## Work to complete
Go through the listing below and retype exactly the lines starting at the one with "a restaurant with" and ending at the one with "Ein Bett oder", skipping pictures.

=== Begin Enclosure ===

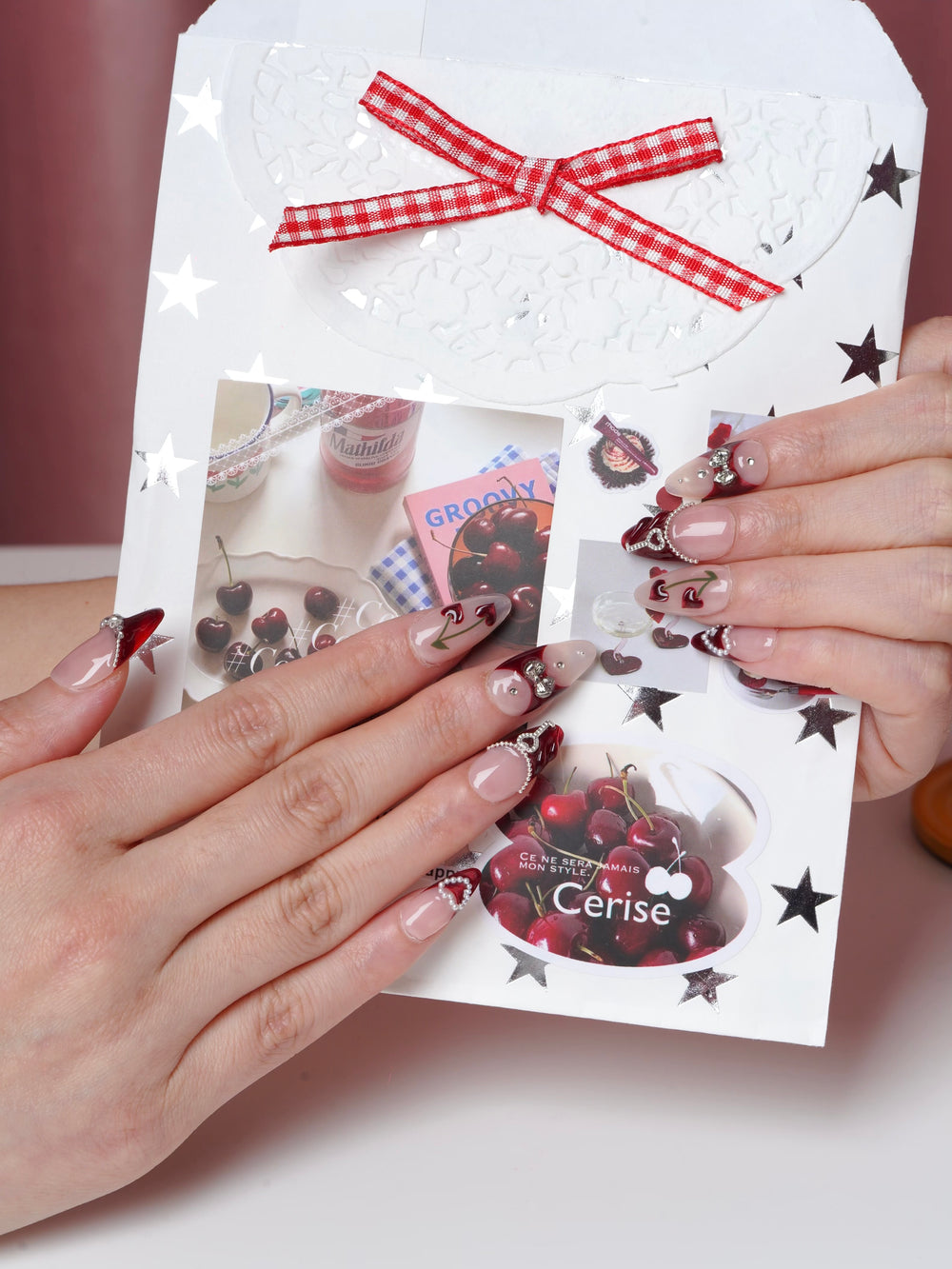 Romantic cherry kiss nails with glossy tips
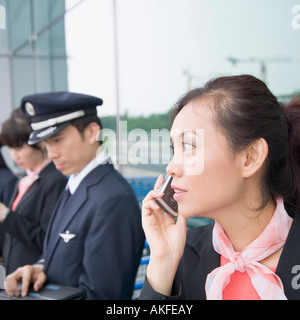 Nahaufnahme von einem weiblichen Flugbegleiter sprechen auf einem Handy mit einem Piloten mit einem Laptop im Hintergrund Stockfoto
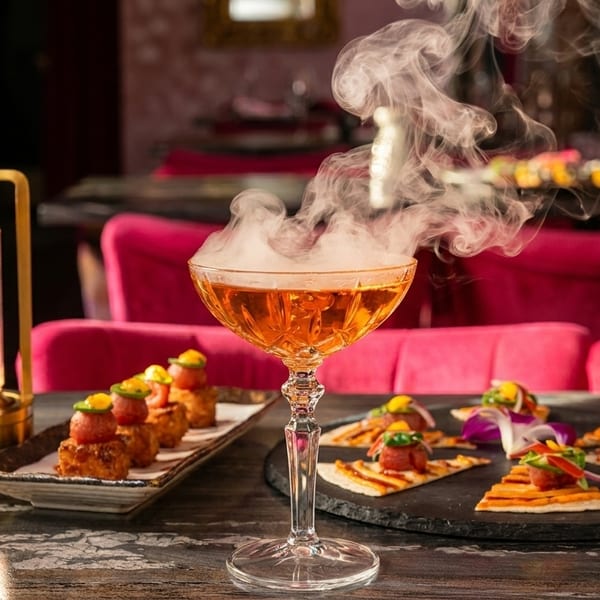 Smoking cocktail with appetizers on a dark table, pink chairs in the background.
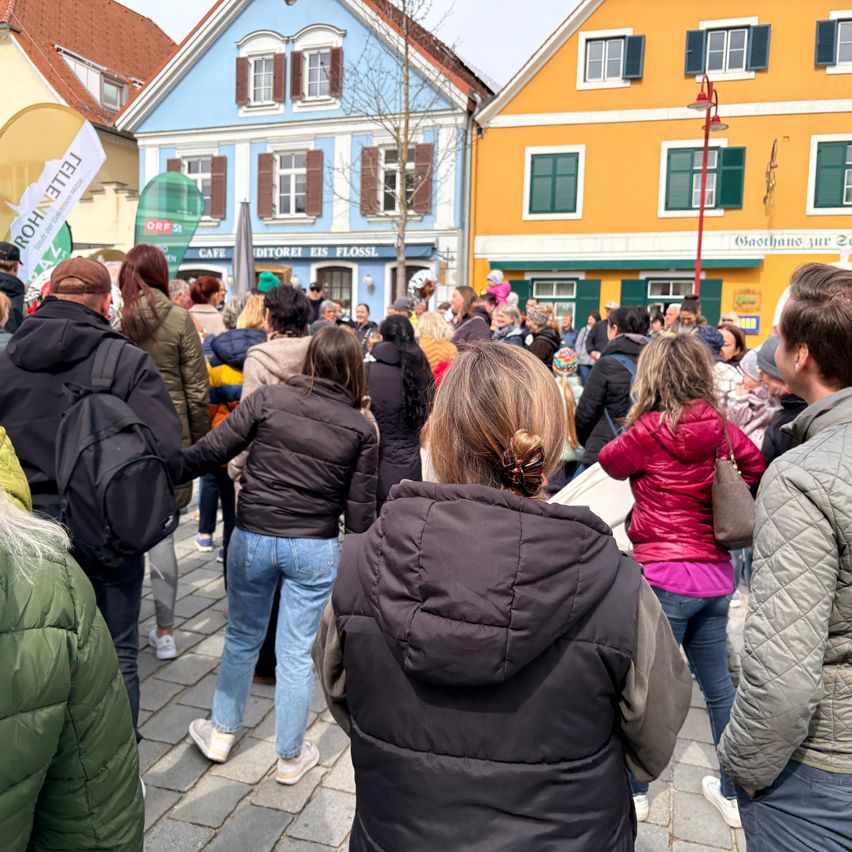 Eine Menschenmenge versammelt sich vor bunten Gebäuden, einige in Winterkleidung und Mützen, mit Bannern und einer Straßenlaterne sichtbar.
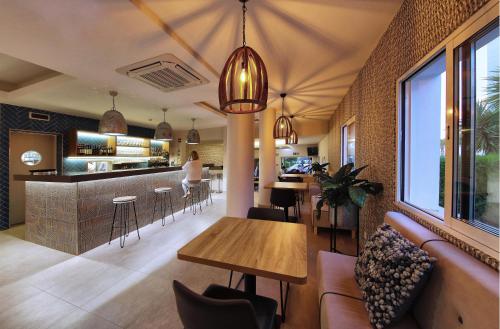 a restaurant with a table and a bar at Agua Hotels Vila Branca in Lagos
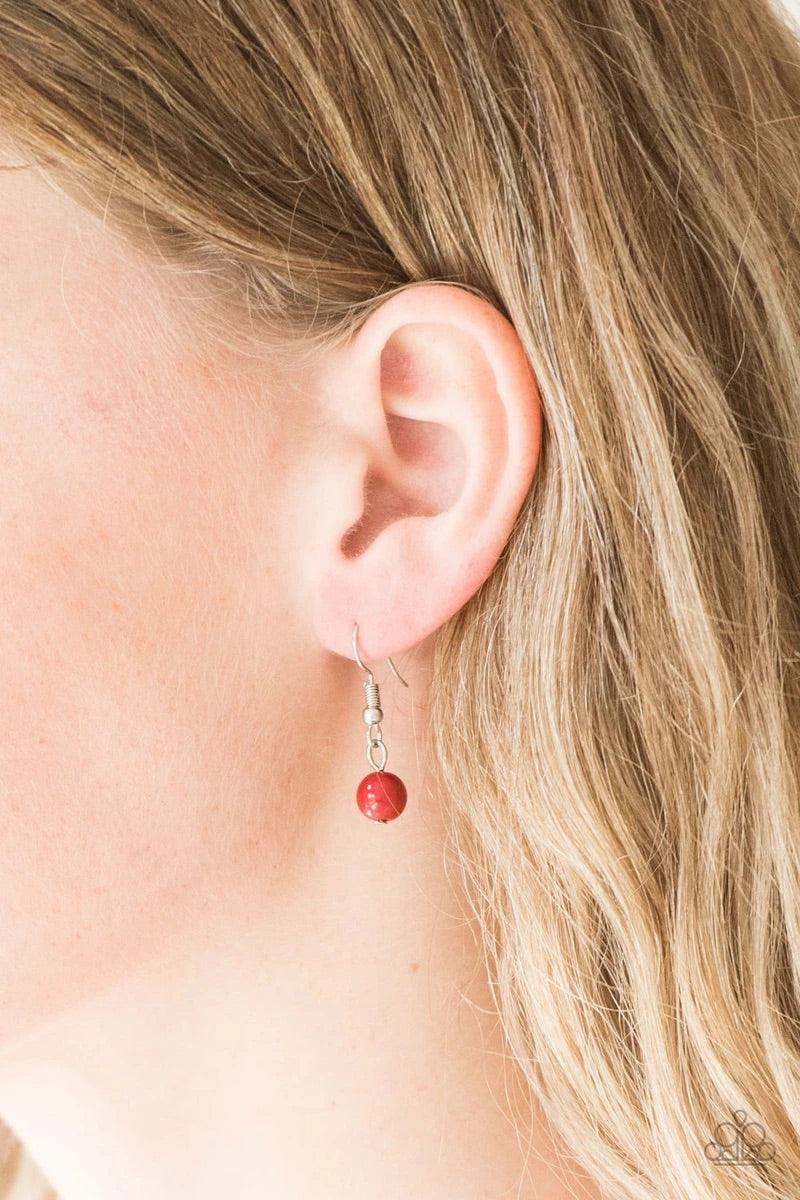 Paparazzi Accessories Pretty Pop-tastic! - Red Ornate silver accents, glassy beads, and polished red beads trickle along strands of shimmery silver chains for a whimsical look. Features an adjustable clasp closure. Sold as one individual necklace. Include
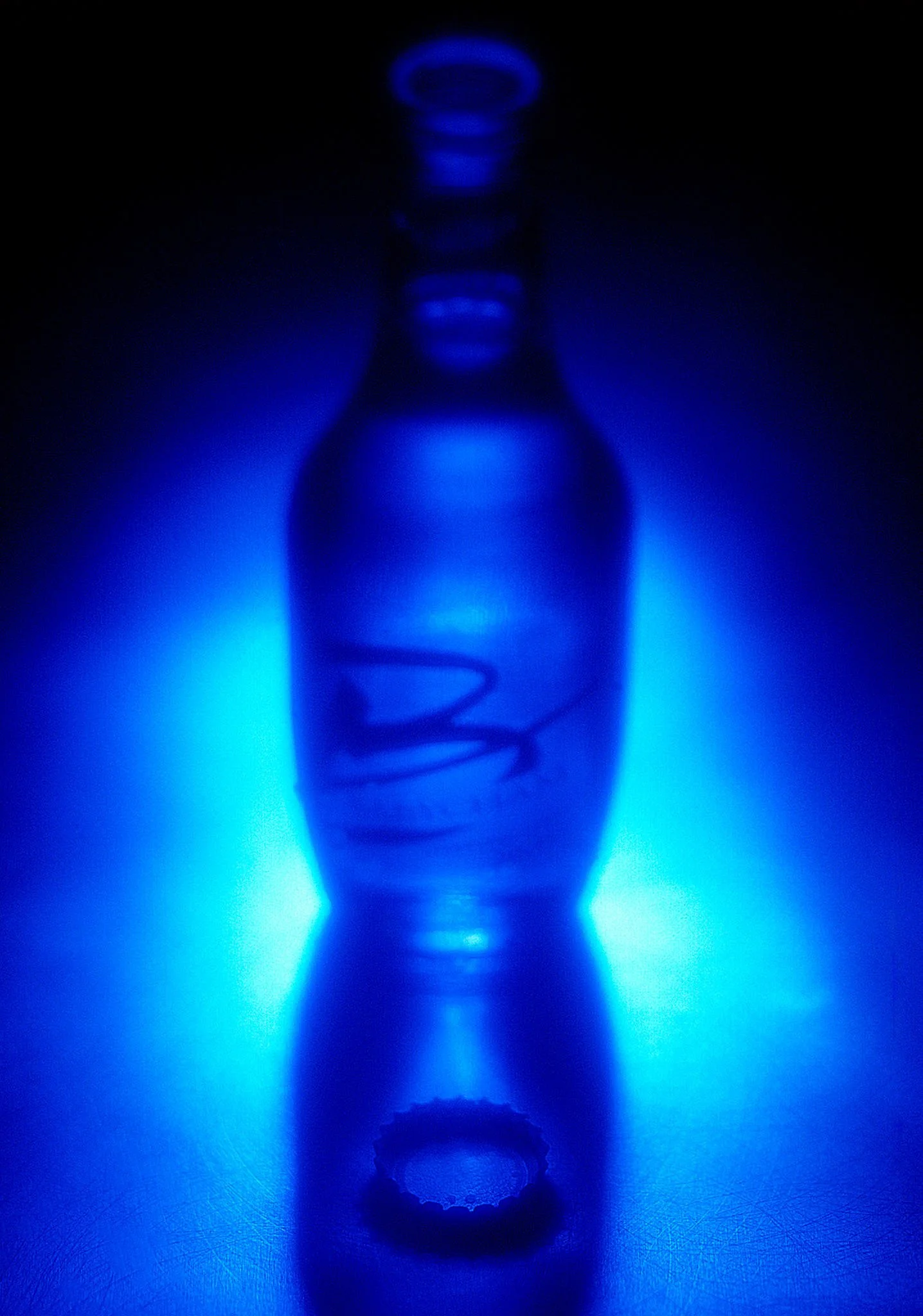 A glass lightbulb with a visible filament inside, illuminated with blue light, placed on a reflective surface with blue lighting in the background.
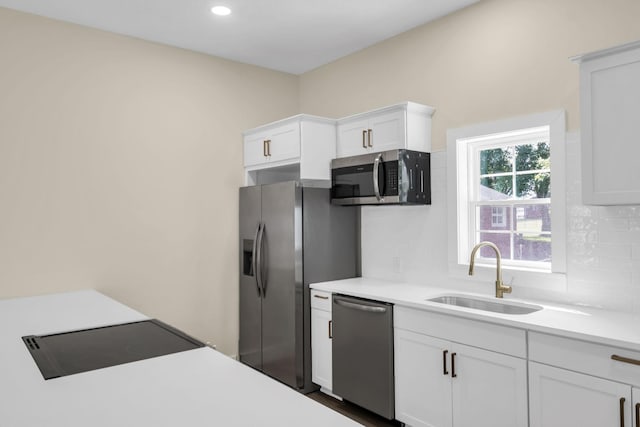 kitchen with appliances with stainless steel finishes, backsplash, white cabinetry, and sink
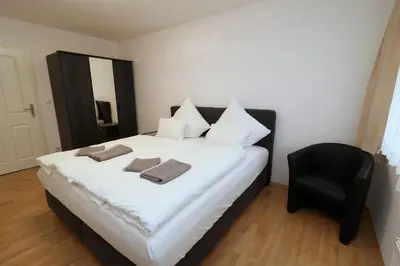 Ein Bett oder Betten in einem Zimmer der Unterkunft Aparthotel Kompass A 404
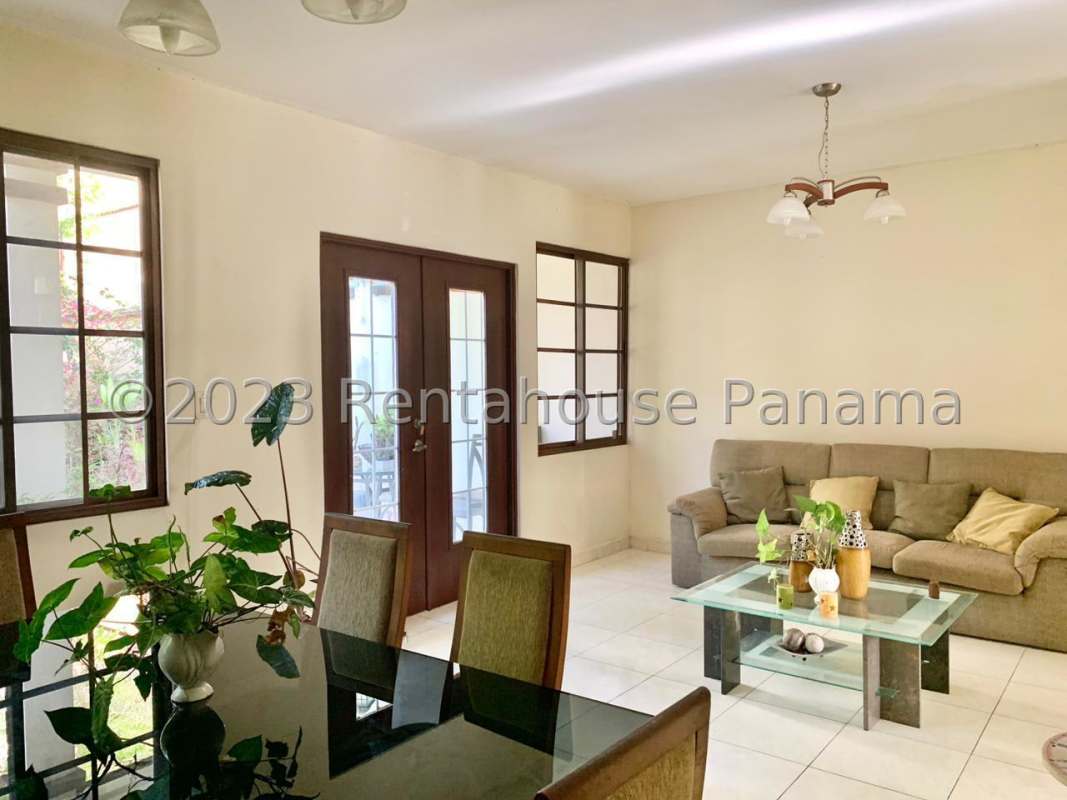 Spacious living and dining room with large windows, garden view, natural light in Mirador del Lago house Panama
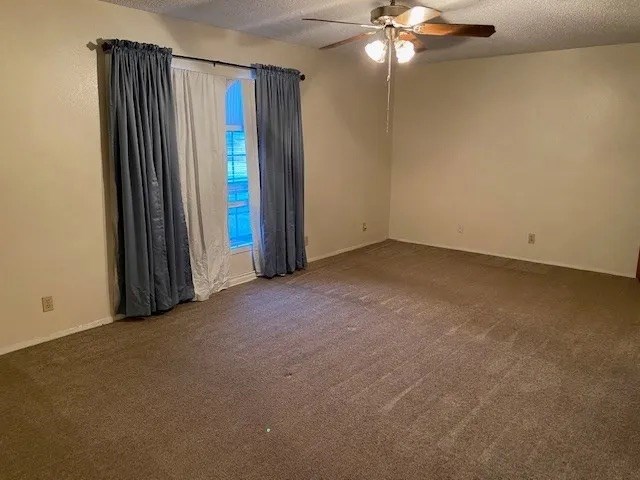 carpeted spare room featuring ceiling fan and a textured ceiling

=== End Enclosure ===

## The answer
 a restaurant with a table and a bar at Agua Hotels Vila Branca in Lagos
 Paparazzi Accessories Pretty Pop-tastic! - Red Ornate silver accents, glassy beads, and polished red beads trickle along strands of shimmery silver chains for a whimsical look. Features an adjustable clasp closure. Sold as one individual necklace. Include
 A glass lightbulb with a visible filament inside, illuminated with blue light, placed on a reflective surface with blue lighting in the background.
 kitchen with appliances with stainless steel finishes, backsplash, white cabinetry, and sink
 Ein Bett oder Betten in einem Zimmer der Unterkunft Aparthotel Kompass A 404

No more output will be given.